Secondo il gip il fatto che le indagini finora non abbiano portato all’accertamento delle vere cause della morte di Uva « comporta la necessità di ulteriore valutazione e fa ritenere non immediatamente accoglibile la richiesta di archiviazione». 

«La notte del 14 aprile 2008 – si legge ancora nella sentenza del Gip – si è verificato un fatto di probabile rilevanza penale in una strada del centro di Varese, l’accompagnamento in caserma è ingiustificato, siamo di fronte ad un cittadino che aveva bisogno di assistenza, mentre il 118, chiamato dall’amico Alberto Bigioggero, viene respinto dai carabinieri.
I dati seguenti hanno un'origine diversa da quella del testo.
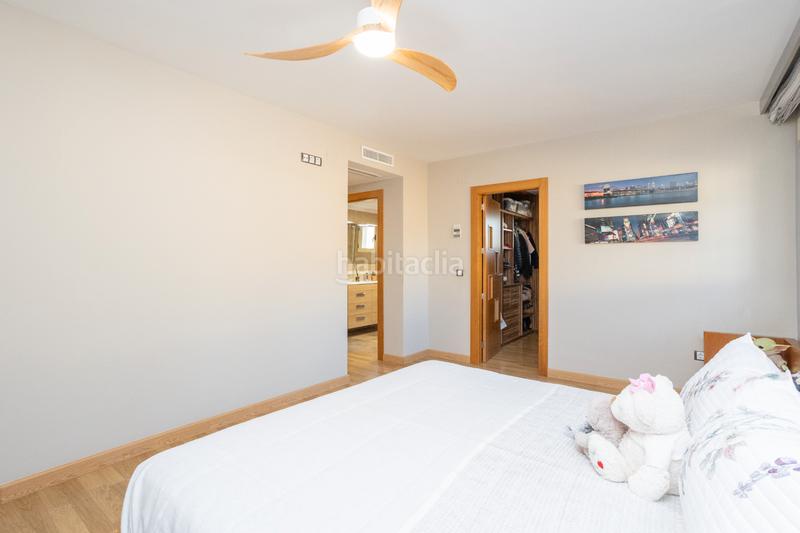 Foto 84101b1b-6a67-4f8f-a2a7-6abd90910f34. Chalet mit kamin parking pool in Valle del Sol Mutxamel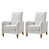 	Linen Stripe est en rupture de stock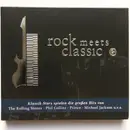 CD - Various - Rock Meets Classic 3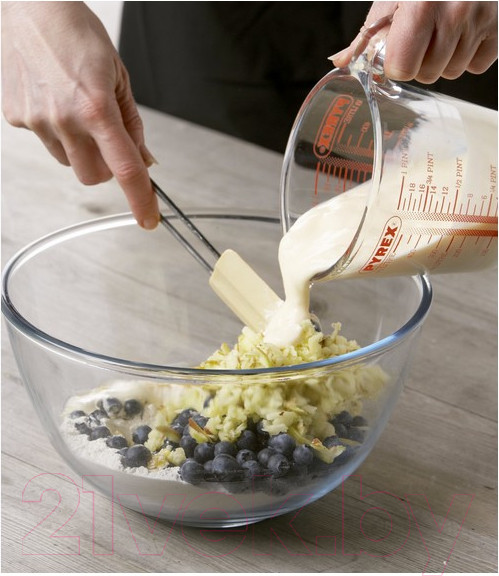 Изображение товара Салатник Pyrex 180B000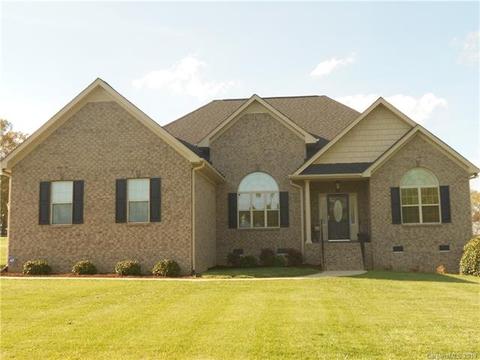 1908 Saye Brook Dr, Monroe, NC 28112 photo 1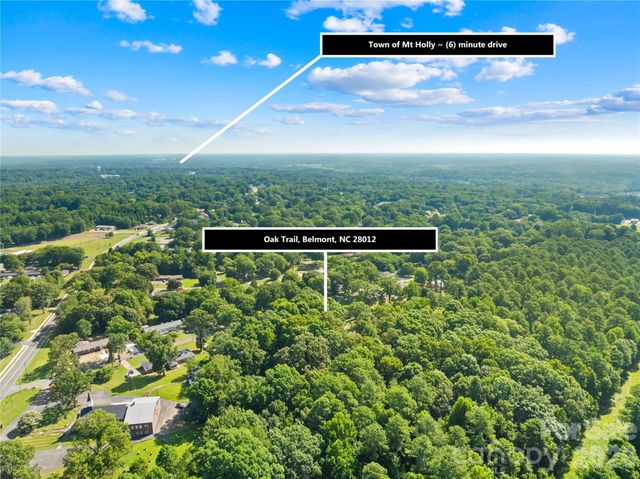 0000 Oak Trail, Belmont, NC 28012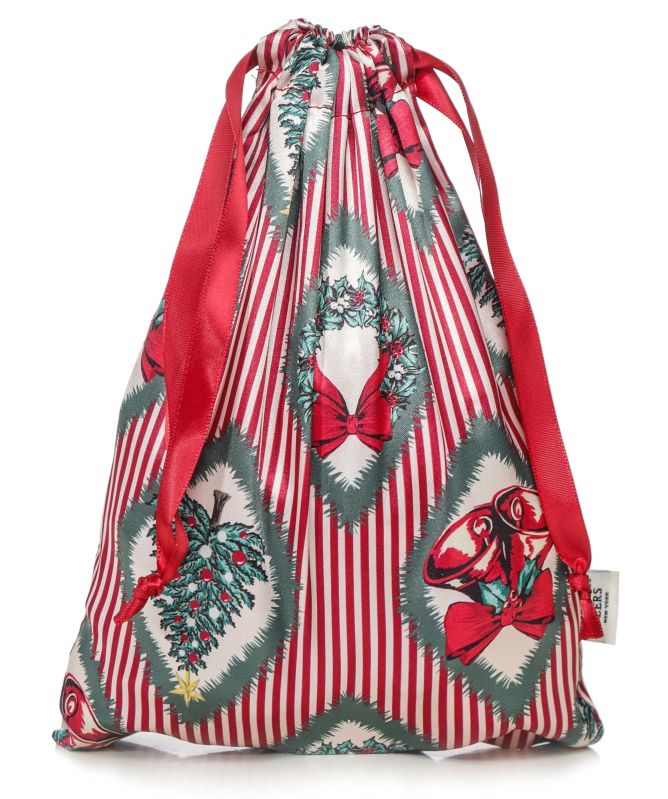 Chelsea Peers Christmas Vintage Sleep Set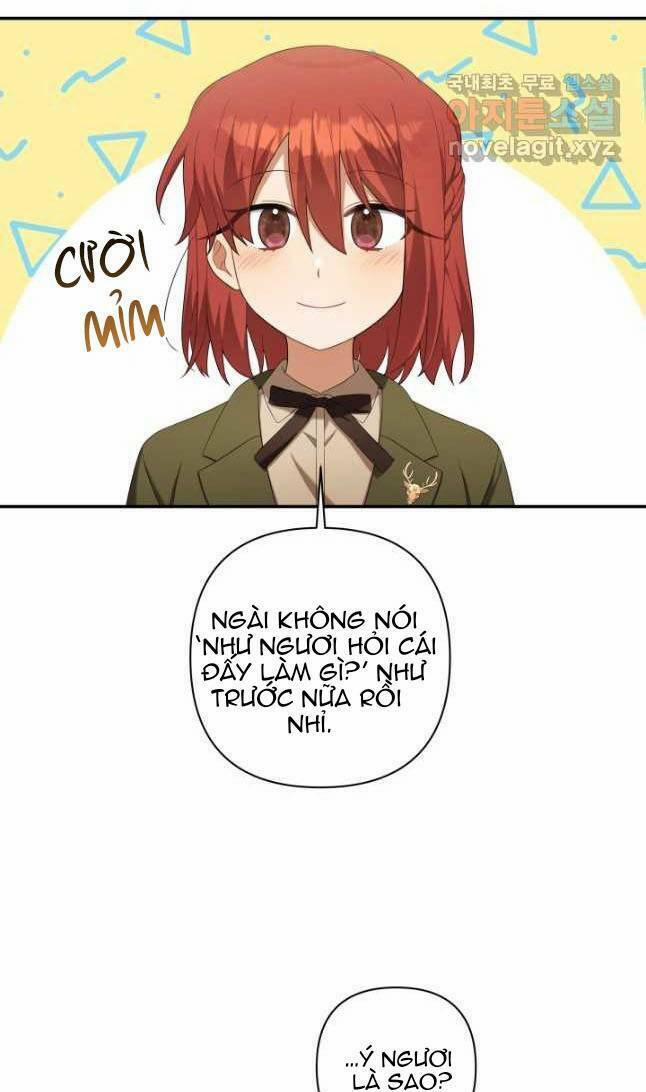 Thời Khắc Để Hiến Dâng Cái Chết Của Ngươi Đã Tới 24 trang 33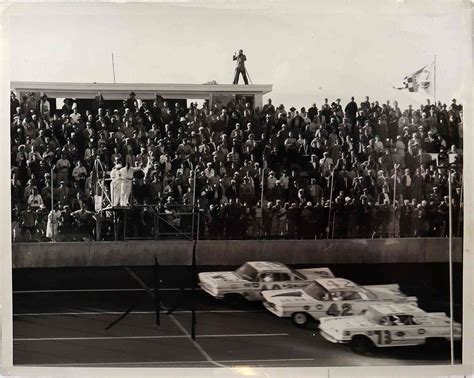 Lee Petty’s 1959 Daytona 500 Artifacts | NASCAR Hall of Fame | Curators' Corner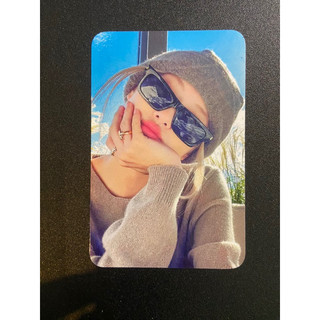 Tổng hợp card rosé blackpink part.6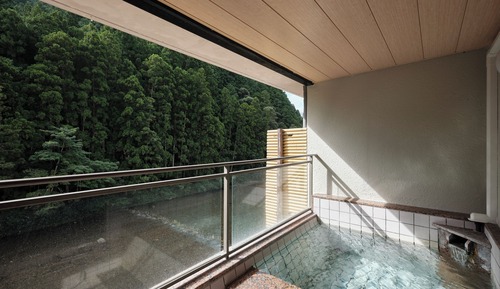 Japanese-Style Room with Private External Bathroom, Non Smoking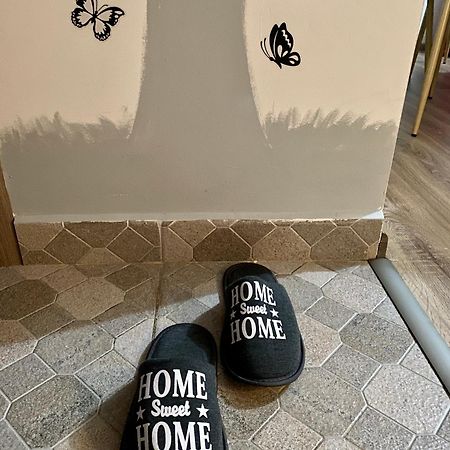 “Home Sweet Home” Sîntandrei Buitenkant foto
Uva viene ricoverato senza il suo consenso dopo una straordinario patimento fisico subito nel corso della privazione della libertà». 
E ancora: «La morte di Giuseppe Uva non è riconducibile ad errata somministrazione di farmaci, sul suo corpo vi erano tracce diffuse di lesioni, ci fu un’importante effusione di sangue proveniente dalla zona anale, la morte è conseguita ad un’aritmia derivante dal contenimento e dallo stress fisico e i traumi subito sono concause del decesso».

Commenta il senatore Luigi Manconi, dell’associazione ‘A buon diritto’: «Il decreto apre senz’altro a scenari di contestazione di omicidio o di reati comunque più gravi rispetto alle lesioni volontarie (…) nonché a valutazioni sulla liceità dell’arresto e sull’ipotesi di sequestro di persona, con reati ipotizzati dalle parti civile fino al 2010 e presi in considerazione anche da altri giudici del tribunale di Varese che si sono occupati del caso».